What can BNL accomplish in the future? This year’s junior varsity was undefeated, which is promising. Next year’s senior class will be the first to go through the high school after playing in the combined middle school system, which so far has yielded bigger classes. Barker expects a senior group of 25-30.
The Stars showed their potential with the midseason wins over Jeffersonville (48-13), Seymour (35-29), Jennings County (47-14) and Madison (41-6) but also revealed shortcomings with the setbacks against Floyd Central (24-13), Columbus East (31-15) and Seymour in the sectional.

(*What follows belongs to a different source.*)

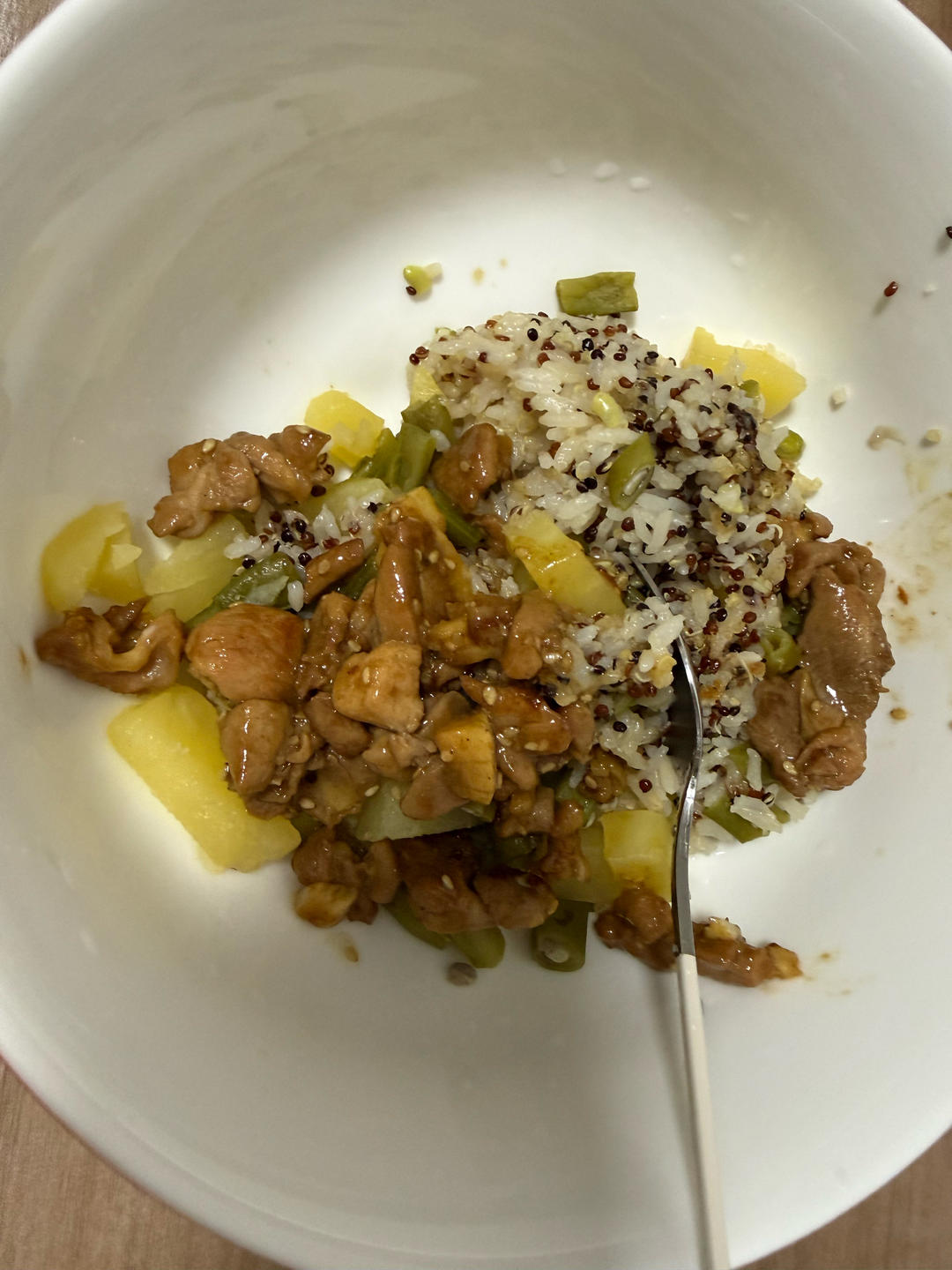 一人食快手午餐盐葱鸡腿饭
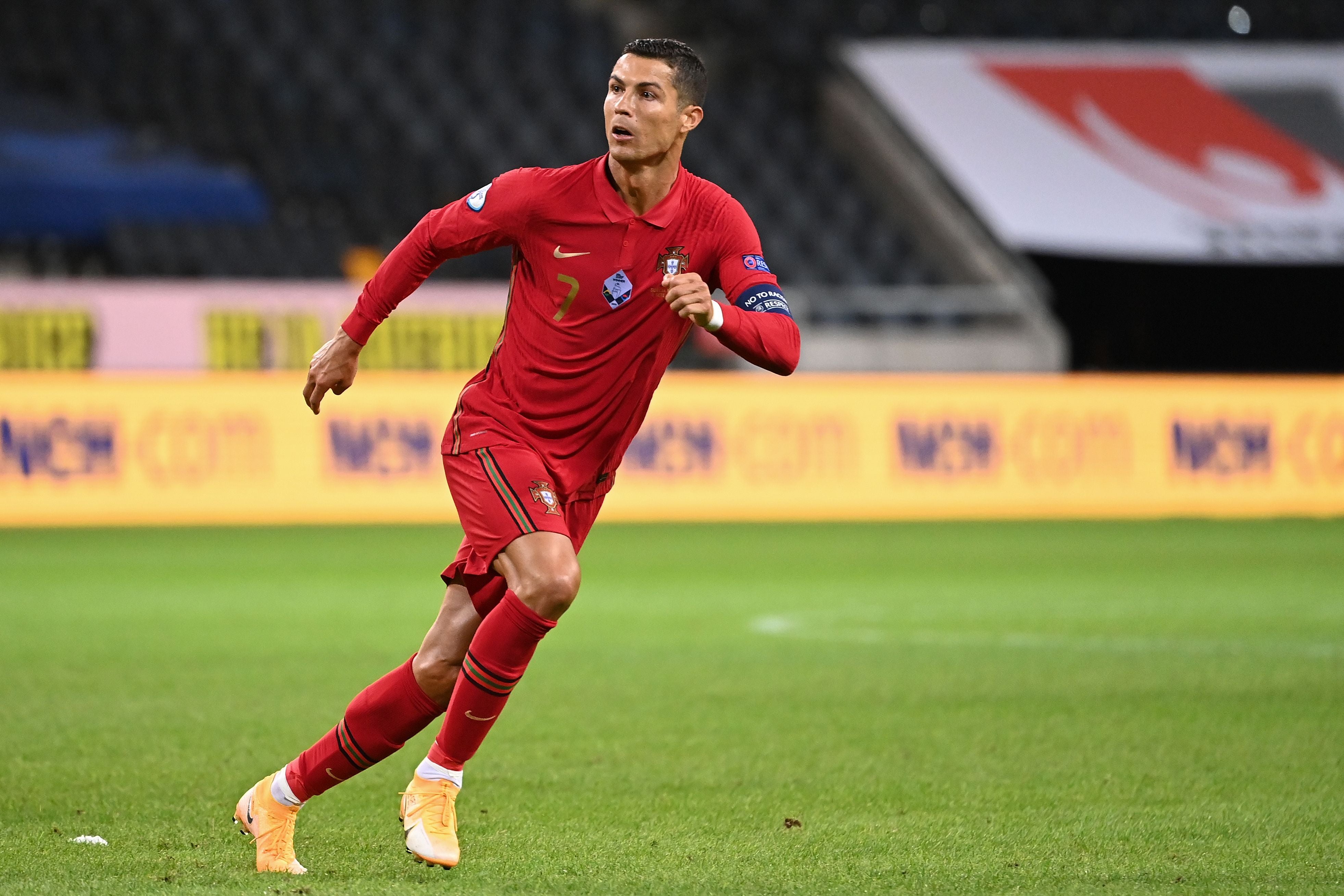 Cristiano Ronaldo in action for Portugal in their recent Nations League clash with Sweden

“There were times we really had momentum going, so it was a setback to finish with the losses,” Barker said. “It’s more so what kind of benefit we could have gotten from winning that game (against Seymour), playing for a sectional championship. That would have been big.”
BNL has won only 11 postseason games in program history and one sectional title. That’s the ultimate measuring stick.
Barker will also have a year under his belt. He learned a lot during his “rookie” season.
“There were moments that were stressful,” he said. “It was interesting. Everyone says when you’re the head coach you don’t spend as much time on the Xs and Os, and that was definitely the case. Instead of doing one or two things well, you want to make sure you’re taking care of all phases of the program. It’s all equally important.”
The Stars will start off-season workouts in December, beginning the countdown toward spring sessions, toward the summer camps, finally toward the first day of practice for the 2022 campaign. From the sound of things, it can’t come soon enough.